= Task statement =
The answer must reproduce all of the data below exactly and contain no images.

= Collected material =
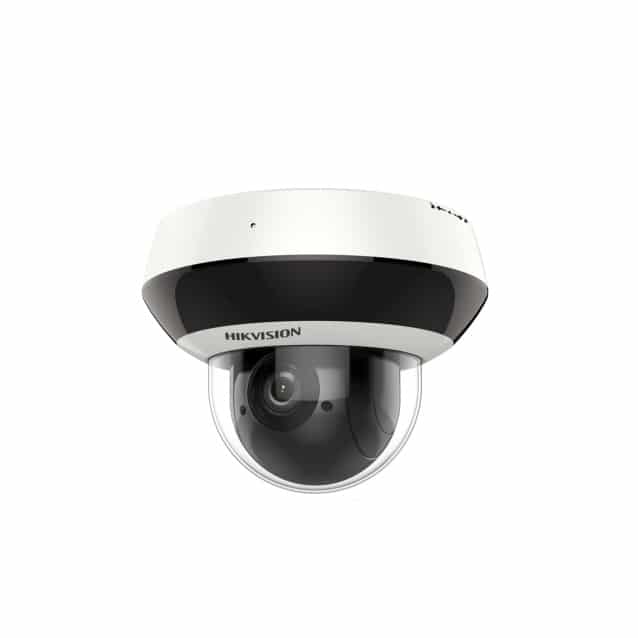 HikVision – DS-2DE2A404IW-DE3(C) – 2-inch 4MP 4X Powered by DarkFighter IR Network Speed Dome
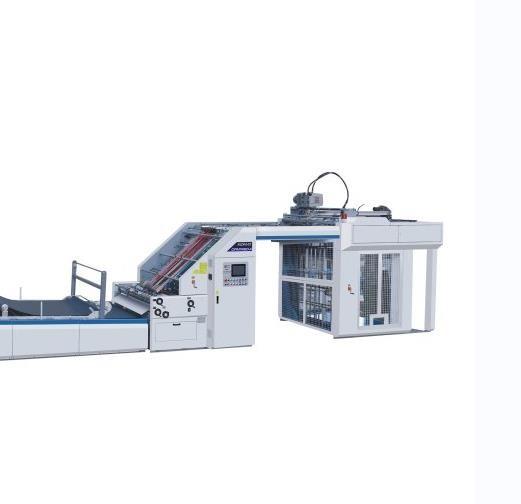 160m/Min Automatic Flute Laminating Machine 20KW For Paper Making 15800x2500x352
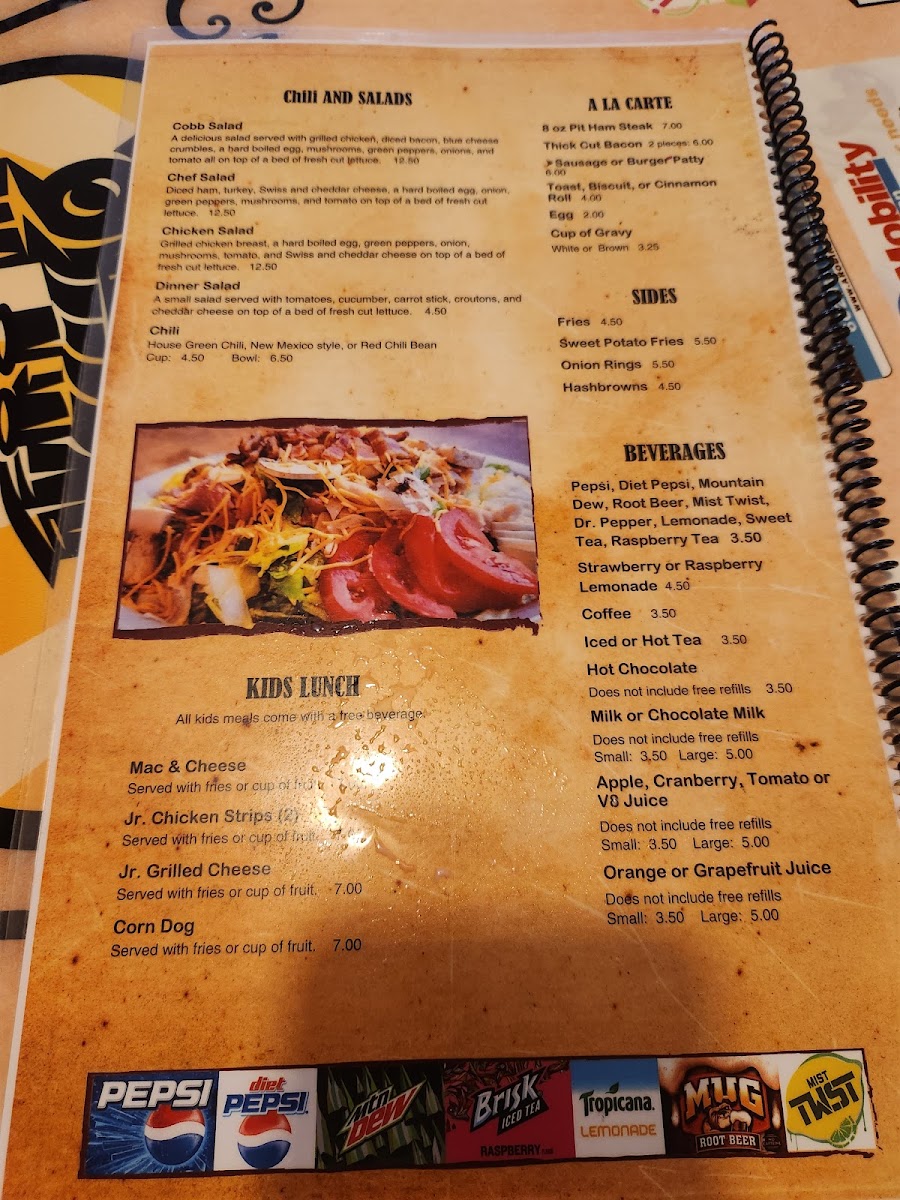 Pufferbelly Station Restaurant Photo 5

= Exercise output =
 HikVision – DS-2DE2A404IW-DE3(C) – 2-inch 4MP 4X Powered by DarkFighter IR Network Speed Dome
 160m/Min Automatic Flute Laminating Machine 20KW For Paper Making 15800x2500x352
 Pufferbelly Station Restaurant Photo 5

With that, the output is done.